Black-and-white photographs and line illustrations. Index. Appendixes. Cross-references. Further reading.
About the Author(s)
C. Reid Nichols is the president of Marine Information Resources
Corporation, a Maryland veteran-owned small business. He is a physical
oceanographer with an M.S. from North Carolina State University. He has experience in commercial fishing, serving as a physical oceanographer for the National Oceanic and Atmospheric
Administration, and providing applied oceanographic solutions to a variety
of commercial and government customers. Nichols enlisted in the U.S. Marine Corps Reserves in 1977 as a combat engineer and has been a platoon, company, and battalion commander for units involved with landing support. He presently serves as a reserve staff officer for Marine Forces Pacific.
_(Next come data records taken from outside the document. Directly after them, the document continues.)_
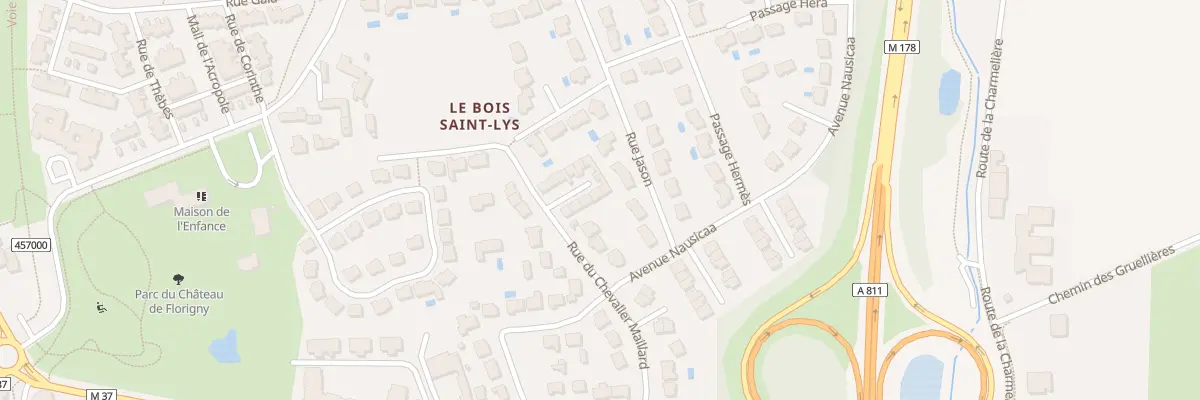 Plan du 22B Rue du Chevalier Maillard à Carquefou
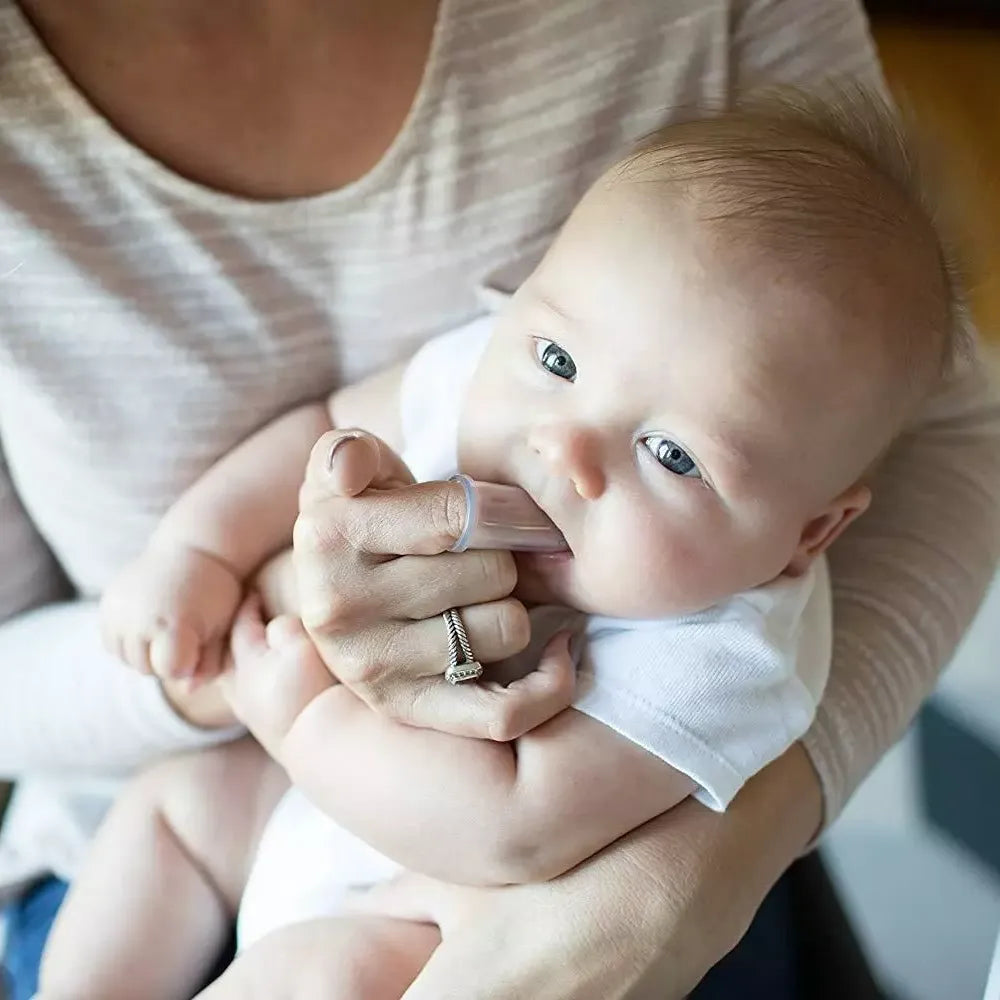 Silicone finger toothbrush for babies - home essentials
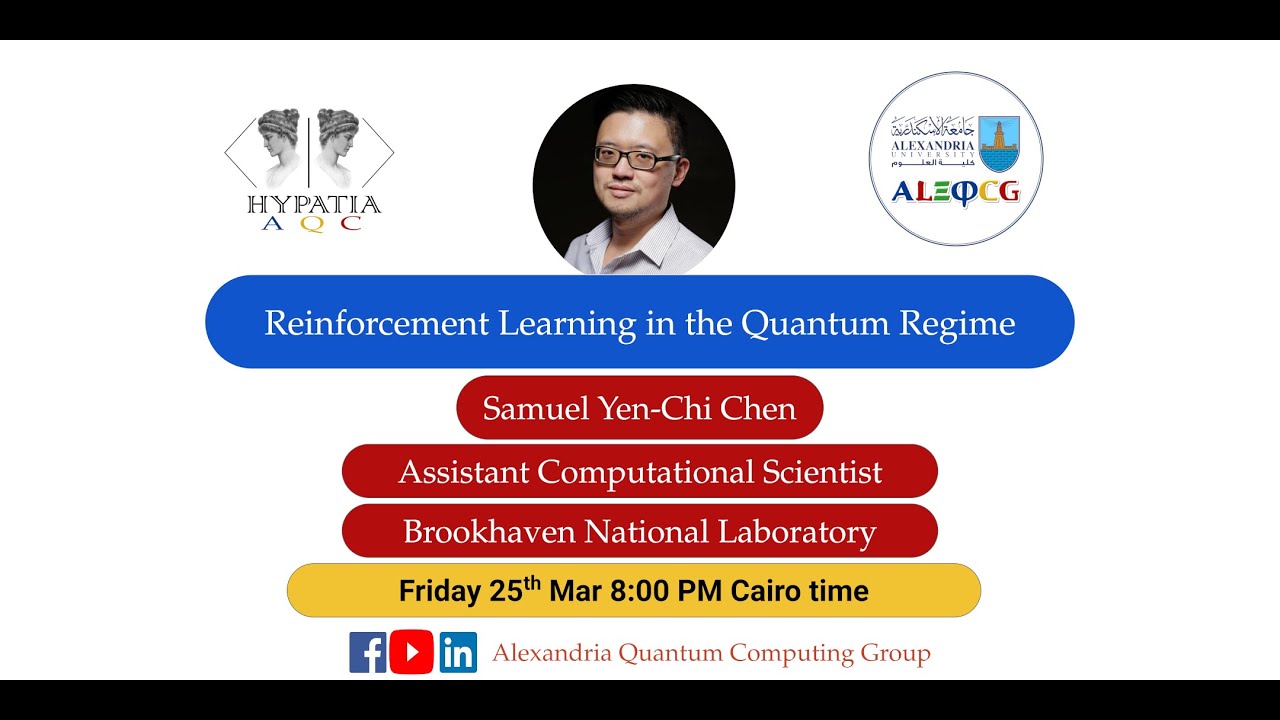 Reinforcement Learning in the Quantum Regime. #Hypatia_AQC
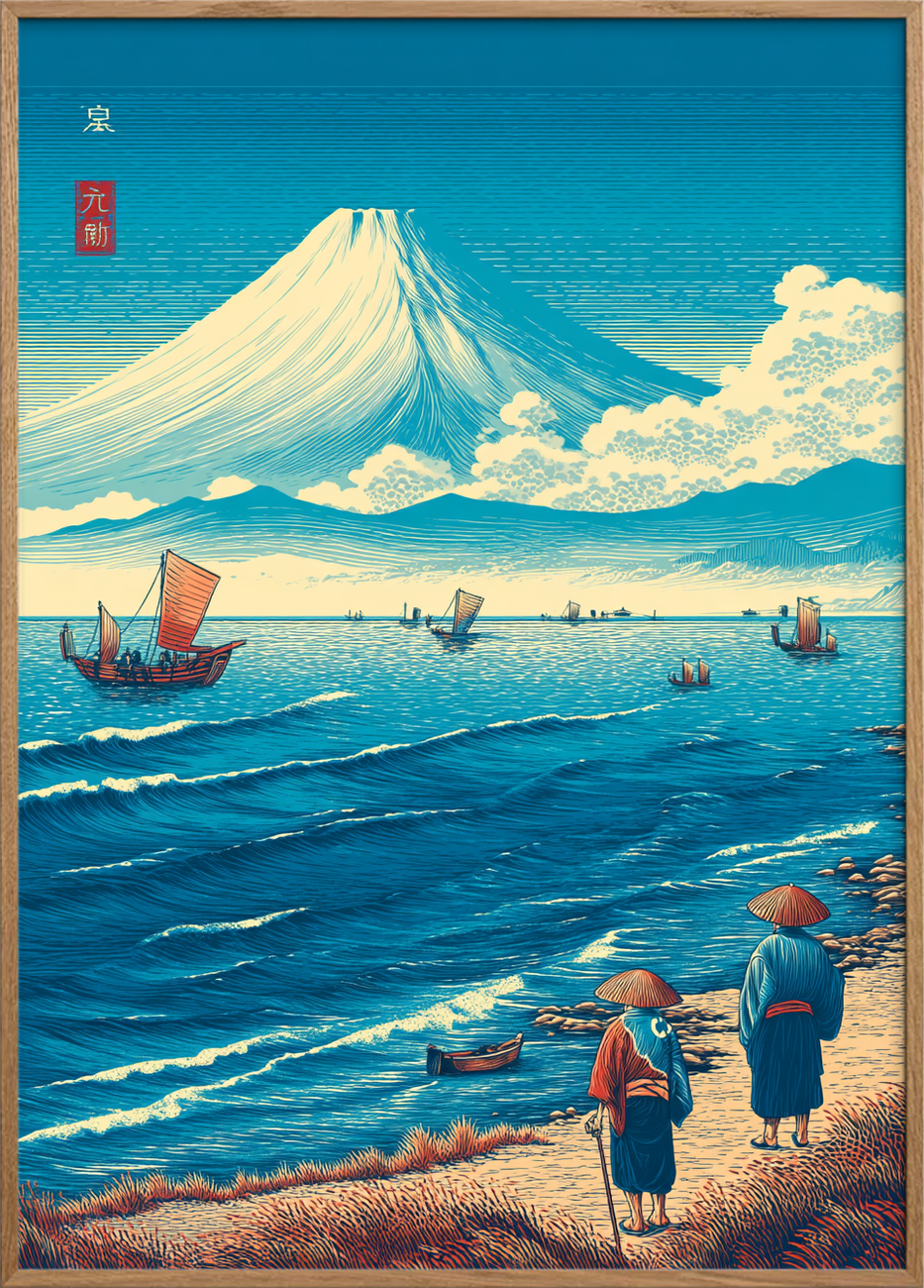 Bølgens kolde hvisken - Oak Frame, No Border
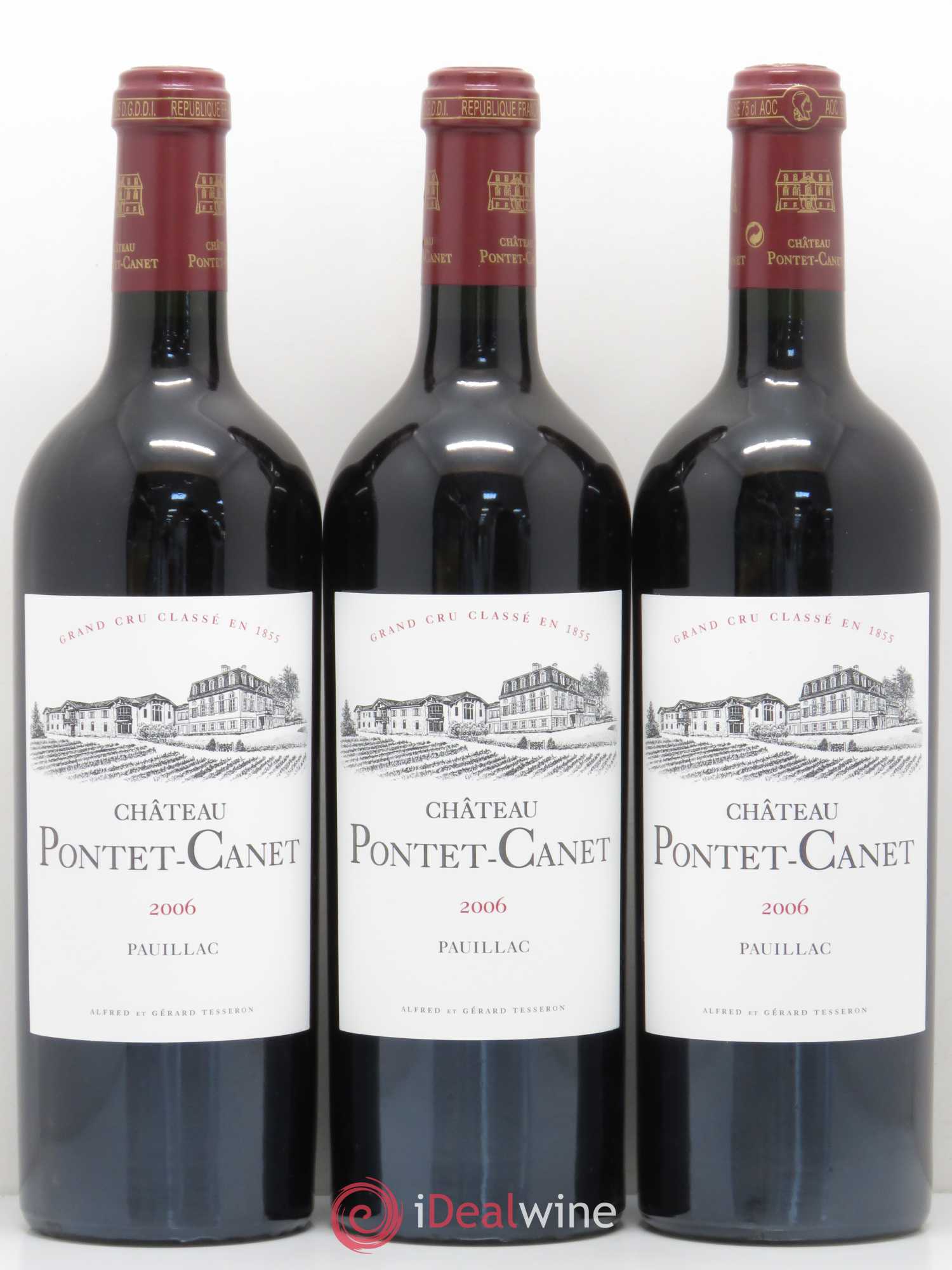 Château Pontet Canet 5ème Grand Cru Classé 2006 - Lot de 12 bouteilles - 3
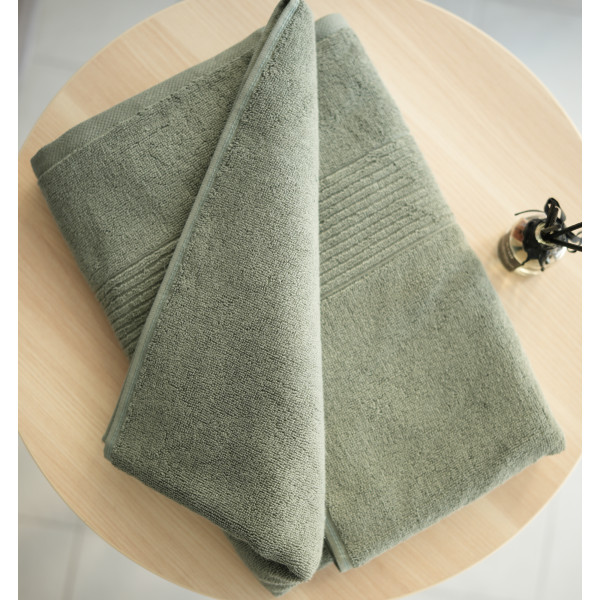 Фото - Рушник банний Lelit 550 г Хакі 70/140 8084 (1200172)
Robert G. Williams, Ph.D., is an oceanographer with extensive experience
in the fields of marine meteorology and physical oceanography. He has served as an oceanographer for the U.S. Navy and the National Oceanic and Atmospheric Administration. As a senior scientist with Marine Information Resources Corporation, he provides basic and applied research solutions to resolve coastal oceanography issues for a variety of commercial and government customers. He routinely teaches introductory physics, astronomy, and meteorology part-time at community colleges, and has taught courses in oceanography and meteorology in the Johns Hopkins University continuing education programs.